On va donc s’en tirer – que le lecteur me pardonne par avance ou qu’il renonce à lire ce qui suit ! – par une série d’impressions, de sentiments, par rapport à l’oeuvre elle-même, et bien entendu, en fonction de ce qu’on entend sur ce disque, et de ce que cette écoute provoque.
René Jacobs évoque lui-même, dans un long et passionnant entretien qui figure, en partie, sur le livret du disque, et dans son intégralité sur le site d’Harmonia Mundi, les images, les figures qu’il distingue dans «une oeuvre rude et inconfortable pour les interprètes comme pour le public » »(sic). Ainsi le « qui sedes » du Gloria, qui fait « vrombir la rupture harmonique la plus radicale de toute la composition » lui évoque Le Cri d’Edvard Munch !

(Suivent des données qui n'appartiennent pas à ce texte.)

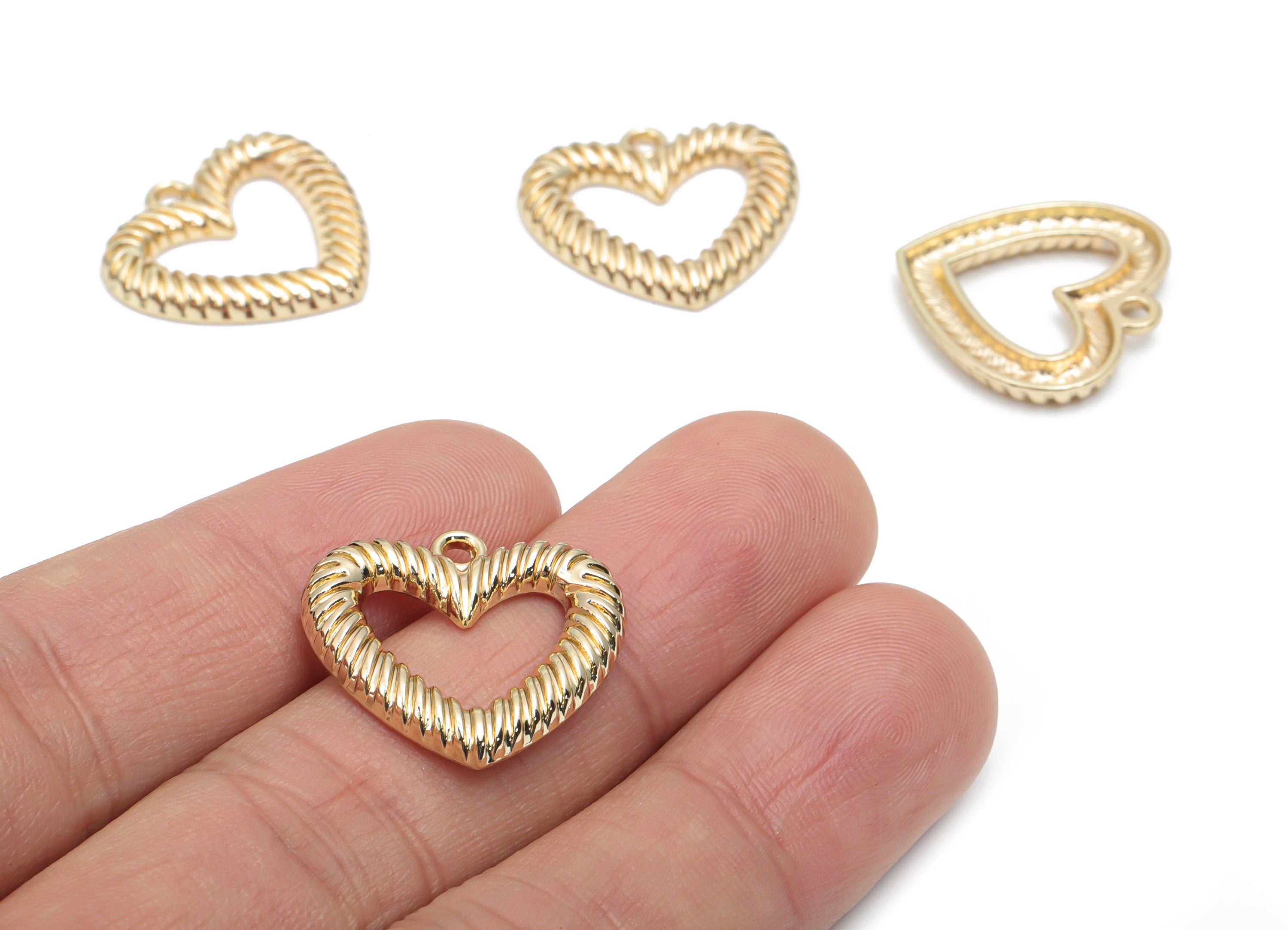 Zinc Alloy Stripe Heart Earring Charms - Alloy Heart Pendant - Gold Tone Plated Alloy - Jewelry Making Supplies - 21.59x20.63x2.6mm - ZZ2000 - DOMEDBAZAAR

Une oeuvre « inconfortable », c’est bien le mot ! Expérimentale d’abord, par sa longueur, par les collages stylistiques auxquels procède Beethoven, de la référence explicite aux maîtres du passé, à son aîné Haydn, à des fulgurances futuristes. On peut d’ailleurs se livrer (ce qui m’arrive souvent quand j’écoute cette Missa solemnis !) à une écoute séquencée, partielle (le Gloria par exemple), sans avoir l’impression de perdre le fil d’un discours qui est discontinu. A ce jeu-là, ce nouvel enregistrement de René Jacobs peut s’avérer passionnant, surprenant même, par l’attention portée aux détails, aux ensembles, à la mise en relief de lignes vocales et instrumentales qu’on n’avait pas reperées jusqu’alors.
D’où vient pourtant cette impression désagréable de l’absence de lignes de force, d’élan vital ? La modération des tempi ? un orchestre et une masse chorale réduits ? Trop de détails – magnifiques – au détriment de l’unité du discours ?
J’ai fait l’erreur (?) de comparer le nouveau venu avec ma version de chevet de cette Missa (la seule que j’écoute à intervalles non réguliers), celle d’Otto Klemperer (1965) où le vieux lion sort de ses gonds, entraîne tout son monde dans un irrésistible élan de ferveur, de puissance et de recueillement, et vous tient en haleine du début à la fin de ces presque 80 minutes de musique, toutes qualités qui font défaut à cet enregistrement.
Un mot des équipes que René Jacobs dirige : étant posé que les sopranos (soliste et choristes) ont des parties impossibles à chanter – c’est le chef lui-même qui le reconnaît – Polina Pastirchak et les dames du chœur de la radio de Berlin s’en tirent avec les honneurs, on aime moins la voix souvent tendue du ténor Steve Davislim. L’orchestre baroque de Fribourg est toujours impeccable, même si, comme l’a dit plus haut, on eût aimé plus de chair, plus de poids dans le dispositif orchestral. Quant au choeur berlinois qui continue de porter le titre délicieusement désuet de « choeur de chambre » du RIAS (= Rundfunk im amerikanischen Sektor/Radio in the American Sector), il confirme sa place de premier de la classe en pays germaniques.